Down East 2013 ©
It’s a polite e-mail — direct, brief, and well written. Unfortunately, it’s another rejection from a literary agent. It traveled from midtown Manhattan to the computer in our log cabin’s loft silently, instantly. After staring at it for a few minutes, I decide to take a break and get the mail. Our mailbox is a mile away. It stands alongside a dozen other mailboxes where five gravel roads meet, near an old logging depot. In a reflective mood, I decide to walk there along the lakeshore road.
Though it’s only mid-September, fall has arrived in Lakeville. The cool nights leave the lake cloaked in fog each morning. A loon family glides through it, calling to each other like moving foghorns.
Our lake neighbors, Sally and Dave, who live in a nearby town, meet me on the road. They’ve just come from the camp of close friends who have left for the season. Sally explains they’re taking their friends’ potted geraniums home to her greenhouse to winter over. Next spring, she’ll return the flowers to welcome them back.
“How’s the writing coming?” Dave asks, smiling out of the hand-cranked window of their camp car, a vintage red Chevy Blazer, his off-white bucket hat slightly askew. I tell him everything is great.

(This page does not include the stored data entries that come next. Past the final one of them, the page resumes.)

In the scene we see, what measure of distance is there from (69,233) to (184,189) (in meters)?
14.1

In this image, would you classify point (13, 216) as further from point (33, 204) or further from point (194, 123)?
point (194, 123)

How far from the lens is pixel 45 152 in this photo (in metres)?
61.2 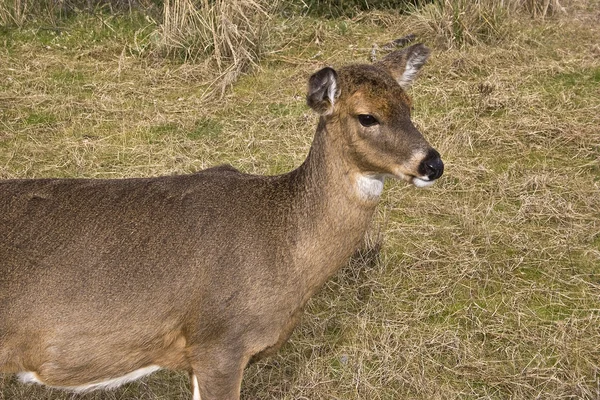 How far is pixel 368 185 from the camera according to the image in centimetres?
386

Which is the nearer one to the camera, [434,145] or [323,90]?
[323,90]

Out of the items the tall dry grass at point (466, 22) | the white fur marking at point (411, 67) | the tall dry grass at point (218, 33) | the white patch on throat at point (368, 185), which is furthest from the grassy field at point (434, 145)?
the white fur marking at point (411, 67)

“You should write about the mailboxes, you know, about walking up to get the mail.”
My shoes crunch on the gravel as I swing the walking stick in time with my steps, listening to red-breasted nuthatches debate. Warm sunlight filters through the hemlock, pine, and birch, releasing the sweet scent of pine needles.
Most summer people have closed up their camps and returned to work and school. Gone are the motorboats’ roar, the children’s shouts, the barking dogs, and the banging of paddles against canoe gunwales. Now the sounds of chainsaws and wood-splitters echo up the lake, as the few year-round residents make enormous yet orderly stacks of wood to satisfy their woodstoves’ winter appetites.
I pass several older camps, most of them built using only hand tools. Some owners floated their materials across the lake. There are cottages with cedar shingles and white trim, as well as log cabins built with short vertical logs. A few small camps might sleep just two, but most have modest additions and out-buildings to accommodate growing families. Small porches and decks capture afternoon shade, sunset, or moonrise.
Hand-carved signs announce the owners’ names, as well as their children and grandchildren, even their pets. Driftwood serves as lawn sculpture. Rock gardens overflow with delicate ferns, their leaves beginning to yellow. Boat prows peek out from winter resting spots in the woods. A weathered cedar porch swing hangs between two trees, cradling pine needles and pinecones on its seat. A whirligig of a woman throwing horseshoes spins in the breeze.
I pause in the sun next to a log cabin whose owners have left, and gaze across the brilliant blue lake. Forlorn winter gales will soon whip across its thick ice. These camps will stand in a lonely vigil, blanketed deep in snow and cold, silently guarding stories and memories until next season.
At the mailboxes, I greet two year-round residents on their ATVs. They meet there each day, sometimes with tail-wagging dogs in back. We chat and wait for the postal carrier’s Jeep. After she delivers the mail and drives off in a dust cloud, I hike back along the shore with my newspaper and new DVD tucked in my backpack.
I meet a neighbor closing his camp, preparing to return to New York City for the winter. He says it takes him two days to unpack in spring, and two weeks to close up in fall; he drags it out as long as possible. His familyalways makes the beds before they leave, to be ready for their spring return. I suppose it’s a bit like planting tulip bulbs. All winter you can think about them blooming.
In a sunny forest opening, I come upon a chorus of crickets chirping cheerfully, hidden in the grass among black-eyed Susans and goldenrod. They sing more quietly now than they did just weeks ago. Their summer is fading, too.
Before long we will close up and drive south, leaving our camp silent, cold, and empty. These last days are precious indeed. Back inside, I hang up my walking stick and climb the ladder to the loft. I turn on the computer and start to write.